Dalam sektor industri, negara akan mengembangkan industri alat-alat (industri penghasil mesin) sehingga akan mendorong tumbuhnya industri-industri lain. 

Di sektor kelautan dan kehutanan serta pertambangan, negara akan mengelola sektor ini sebagai milik umum dan tidak akan menyerahkan pengelolaannya kepada swasta. 

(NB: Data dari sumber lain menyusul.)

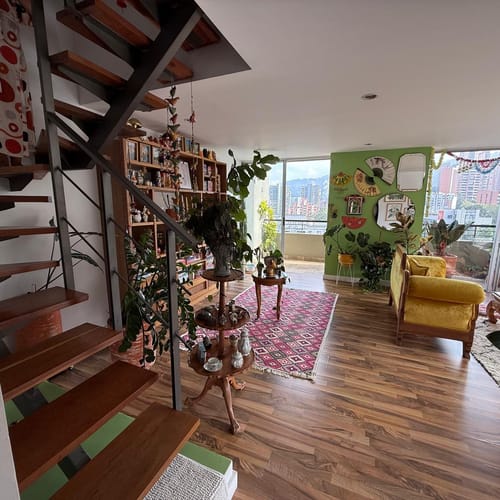 Apartamento de 2 alcobas en arriendo en El Poblado, Medellín, 99 m² · foto 10 de 18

Dari keempat sektor di atas, tentu banyak dibutuhkan tenaga kerja. Masyarakat akan mudah dalam mendapatkan pekerjaan sehingga pengangguran akan dientaskan dan profesi ASN bukan lagi salah satu pekerjaan yang paling dicita-citakan untuk mendapat aneka jaminan hidup layak dan tunjangan hari tua. https://www.muslimahnews.com/2020/01/31/arogansi-rezim-kapitalis-anggap-rakyat-beban-negara/?utm_source=rss&utm_medium=rss&utm_campaign=arogansi-rezim-kapitalis-anggap-rakyat-beban-negara

Menciptakan lapangan kerja adalah kewajiban negara agar setiap orang yang mampu bekerja dapat memperoleh pekerjaan. Rasulullah SAW bersabda : “Seorang imam adalah pemelihara dan pengatur urusan (rakyat); ia akan diminta pertanggungjawabannya atas urusan rakyatnya.” (HR. al-Bukhari dan Muslim). Tetapi mungkinkah negara mampu dan benar-benar mengurusi rakyatnya dalam sistem yang diterapkan saat ini?